Cost is determined principally by the first-in first-out
("FIFO") method.
<PAGE> 6
NOTE 3 - Discontinued Operations
Discontinued operations relate to the divestiture of
certain operating companies during 1997.
These divestitures have been reported as discontinued
operations in the accompanying financial statements in
accordance with Accounting Principles Board Opinion No.
30. Operating results for these businesses, including
revenues of $170 million and $578 million for the
quarter ended and the nine month period ended September
30, 1997, respectively, have been classified as
discontinued operations in the Consolidated Statement of
Operations. No interest expense has been allocated to
discontinued operations.
NOTE 4 - Subsequent Events
In a press release dated October 14, 1998, the Company
announced that it had signed definitive agreements to
acquire two bakery companies, which would represent, in
the aggregate, an investment of over $100 million.
Consummation of certain of these transactions is subject
to customary closing conditions, including the obtaining
of all required approvals from governmental regulatory
agencies and, in the case of one acquisition,
review by SFC of completed disclosure schedules.
Also on that date, the Company and its parent Specialty
Foods Acquisition Corporation (SFAC) announced exchange
offers for their publicly held debt. The offers are to
exchange existing debt of SFC and SFAC for new debt
securities of two new intermediate holding companies.
Upon consummation, the exchanges will result in the
postponement of the cash pay interest dates and the
extension of the maturity date of SFAC's 13% Senior
Secured Discount Debentures. In addition, SFC is seeking
the consent of its term loan and revolving credit lenders
to amend existing agreements to conform to the new
holding company structure. Upon consummation of the
exchange offers, the Company will write-off approximately
$16.1 million of deferred debt issuance costs. The
exchange offers are subject to certain conditions
described in the exchange offers.
<PAGE> 7
ITEM 2. MANAGEMENT'S DISCUSSION AND ANALYSIS OF FINANCIAL
CONDITION AND RESULTS OF OPERATIONS
Seasonality
The Company's businesses are moderately seasonal with lower
sales, operating profit, and cash flows generally occurring in
the first quarter of the year. This seasonality is due primarily
to higher bread and cookie sales in the summer months, as well as
the winter holiday season.
Results of Operations
COMPARISON OF THIRD QUARTER 1998 TO THIRD QUARTER 1997
Consolidated net sales from continuing operations decreased 3% to
$229.7 million in 1998 compared to $238.0 million in 1997. Net
sales of the Bakery Operations decreased $1.1 million (1%) to
$185.8 million in 1998 due to pricing, product and customer mix
at Mother's. Net sales of the Meat Operations
decreased $7.2 million (14%) to $43.9 million due to lower sales
volume and market driven price decreases on its formula priced
products reflecting a decrease in beef and pork commodity prices.

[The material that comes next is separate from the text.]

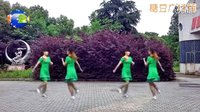 益馨广场舞《三言两语来说爱》双人对跳舞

The Company's gross profit margin percentage increased to 47.5%
in 1998 from 45.1% in 1997 primarily due to production
efficiencies, a favorable sales mix shift at Mother's and lower
flour costs.
Selling, distribution, and general and administrative expenses
decreased $2.5 million (2.6%) in 1998 to $92.1 million. This
decrease is principally related to lower promotional and
distribution costs in the Bakery Operations.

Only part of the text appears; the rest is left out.